Without further ado, here is the most powerful transformation I found, pulling from the first paragraph in The Communist Manifesto:
Original: The history of all hitherto existing society is the history of class struggles. Freeman and slave, patrician and plebeian, lord and serf, guild-master and journeyman, in a word, oppressor and oppressed, stood in constant opposition to one another, carried on an uninterrupted, now hidden, now open fight, a fight that each time ended, either in a revolutionary reconstitution of society at large, or in the common ruin of the contending classes. Our epoch, the epoch of the bourgeoisie, possesses, however, this distinctive feature: it has simplified the class antagonisms. Society as a whole is more and more splitting up into two great hostile camps, into two great classes, directly facing each other: Bourgeoisie and Proletariat.
Transformed: Pursued in this fashion, history would most naturally become of ethical value in teaching. In a word, federations between small territorial units, as well as among men united by common pursuits within their respective guilds, and federations between cities and groups of cities constituted the very essence of life and thought during that period. Hence the devout attitude survives in a better state of preservation among these classes than among the common run of men in the modern communities.
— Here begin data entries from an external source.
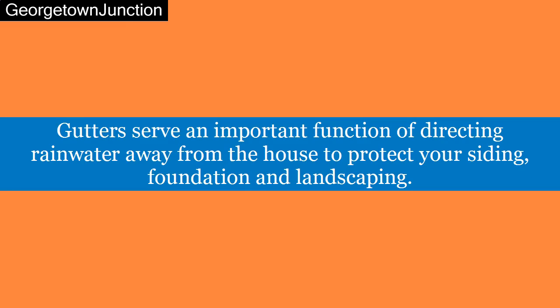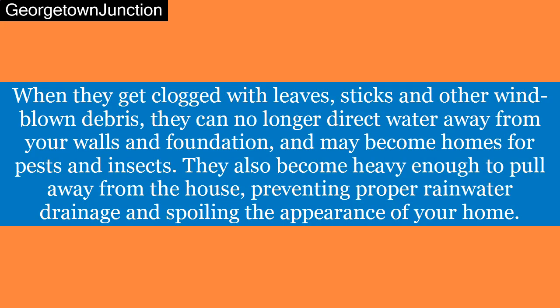Gutters serve an important function of directing rainwater away from the house to protect your siding, foundation, and landscaping. When they get clogged with leaves, sticks, and other wind-blown debris, they can no longer direct water away from your walls and foundation, and may become homes for pests and insects. They also become heavy enough to pull away from the house, preventing proper rainwater drainage and spoiling the appearance of your home.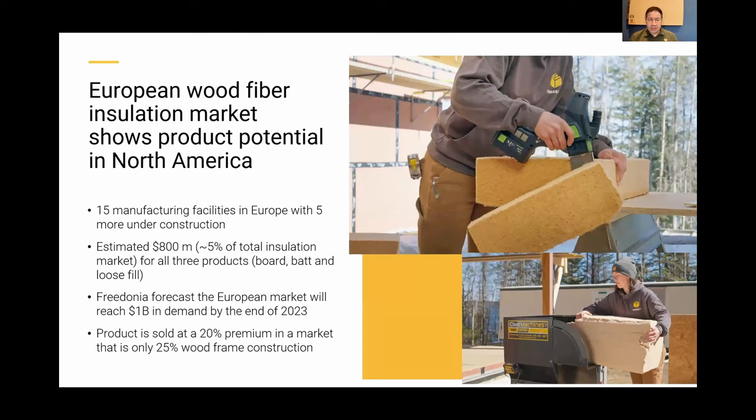The European wood fiber insulation market has been around for about 20 to 30 years and is honing in on a $1 billion industry with 15 different manufacturers — it's a big deal in Europe. The early history dates back to the 1930s in Europe but didn't really take hold until about 20 to 30 years ago. It's a more premium product there. We already have the fill product available in Michigan and surrounding areas.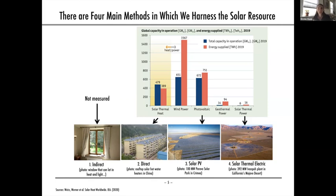There are really four main ways in which we harness the sun's energy. The first is called indirect — the indirect use of solar heat and light — because sometimes, even without trying, we use the sun's energy to warm us up and light up our day.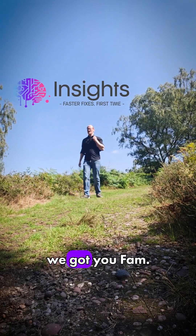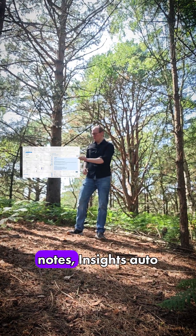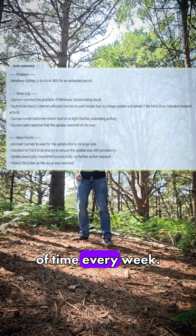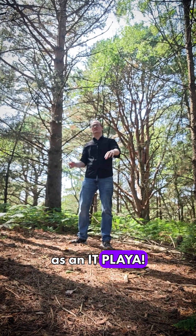Well, here at Insights, we got you fam. Is that what the cool kids say? At the top of every ticket with more than a few notes, Insights auto summarizes every note for you, telling you exactly what's been done so far, saving you hours of time every week, solidifying your status as an IT player. Why did I say that?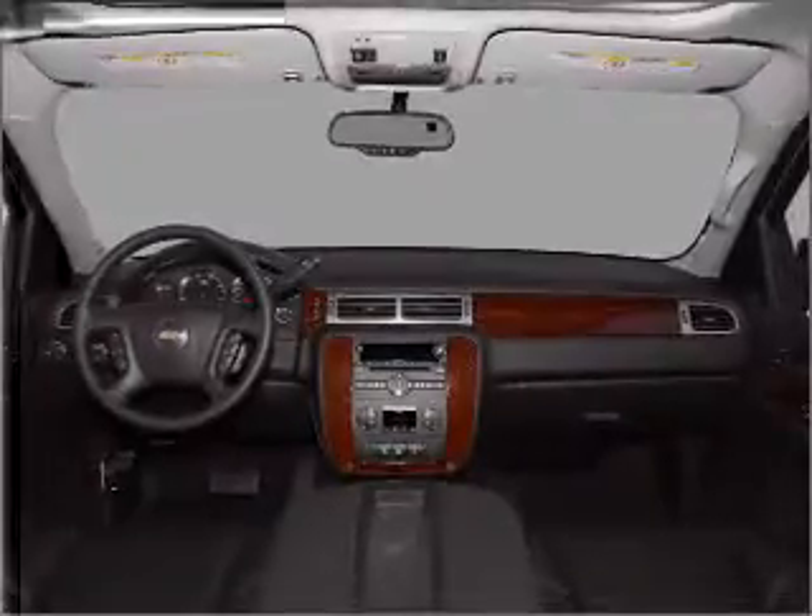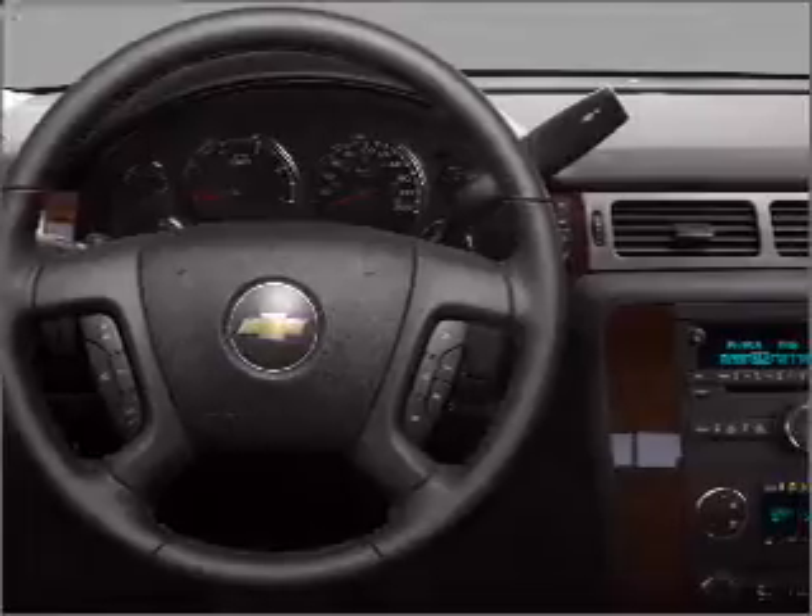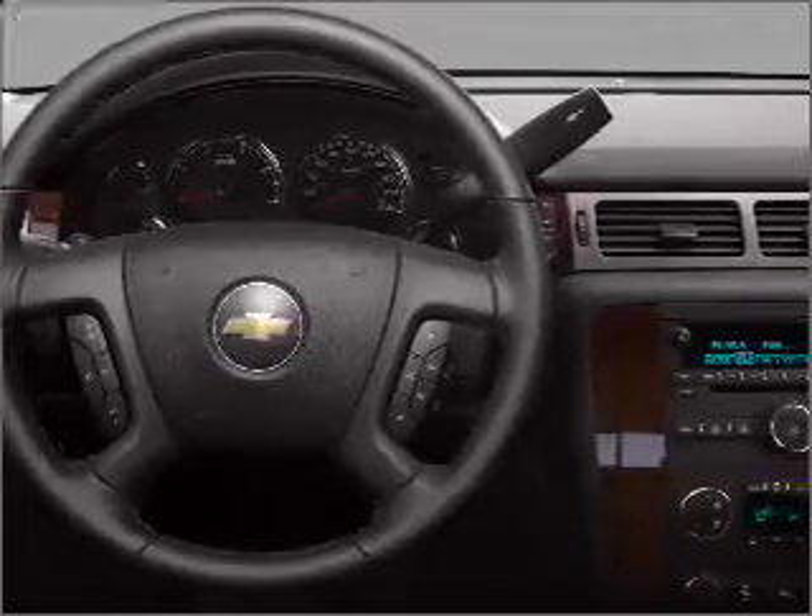Power door locks. Power steering. An alarm system. An AM-FM stereo with a CD player. An adjustable tilt steering wheel. Call today to schedule a test drive.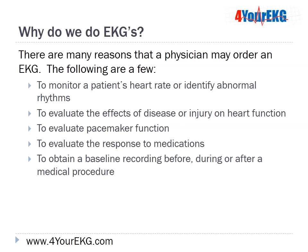Why do we do EKGs? There are many reasons that a physician might order an EKG. The doctor might want to monitor a patient's heart rate or identify abnormal rhythms, evaluate the effects of disease or injury on heart function, evaluate pacemaker function, or evaluate the patient's response to medications. Sometimes they're done as a baseline recording before, during, or after a medical procedure.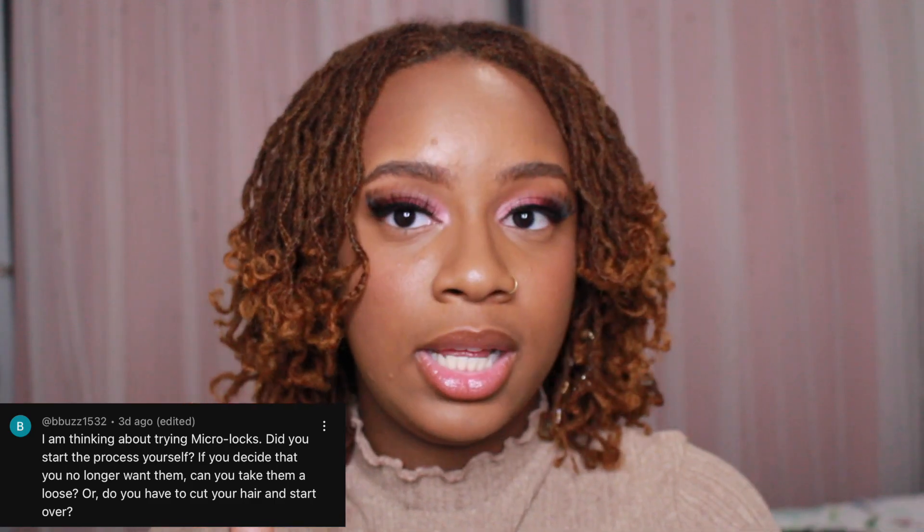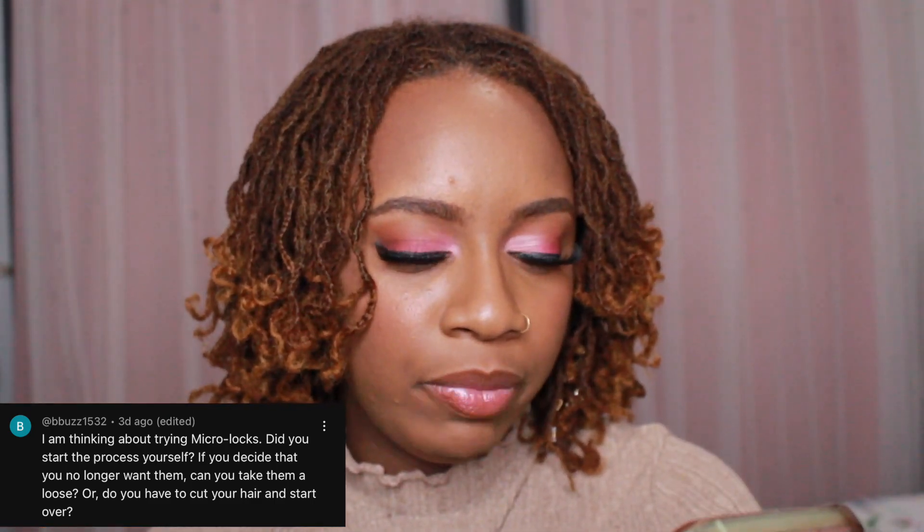This person says they're thinking about trying micro locks and asks: did you start the process yourself? Yes I did — I have a DIY micro lock installation video. And if you decide you no longer want them, can you take them out or do you have to cut your hair? Both can be true. It will take a long time to comb micro locks out, but some people prefer that over shaving their head. Some people have taken months to comb out their locks. It depends on how much time you have.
In such an age integrity in business relations and the domestic virtues which maintain the purity of the family may be highly valued, but they are chiefly valued because they are essential to the well-being of the State. (Sentences drawn from John Dewey, Democracy and Education; Kropotkin, Mutual Aid; Veblen, Theory of the Leisure Class; W.E.H. Lecky, Map of Life.)
You will notice that the transformed passage is not entirely coherent, but it’s not meaningless either. There is a throughline here, and some structure that has been maintained in the argument. Perhaps this is meaning, or perhaps this is order, or perhaps this is something else entirely. Perhaps the geometry of the original passage — the three vectors corresponding to the three sentences — contains within it some meaning that we can prove to exist by its persistence. Perhaps this experiment is in vain, and we are confusing lexical architecture or linguistic structure for genuine meaning itself.
I do not pretend to know what this experiment tells us, but I present it to you with enthusiasm. I wonder if, just with a series of transformations, the architecture of Marxism could be transformed to become the architecture of free-market capitalism. I wonder if there is something more to the nature of transforming architecture — like, perhaps, each architectural transformation being analogous in some way to a genuine argumentative critique or verbalized conceptual adjustment. I wonder if rhetoric has a mathematical basis, that is possibly linked to philosophical validity or at least internal cohesion, and that the vector embedding space can help us understand written thought in this way.
What I can say, with some definiteness, is that there must be something about architecture that plays into meaning. Whether my work here has moved us towards a formal proof of meaning’s residence in combination and structure (or not) is entirely up to you.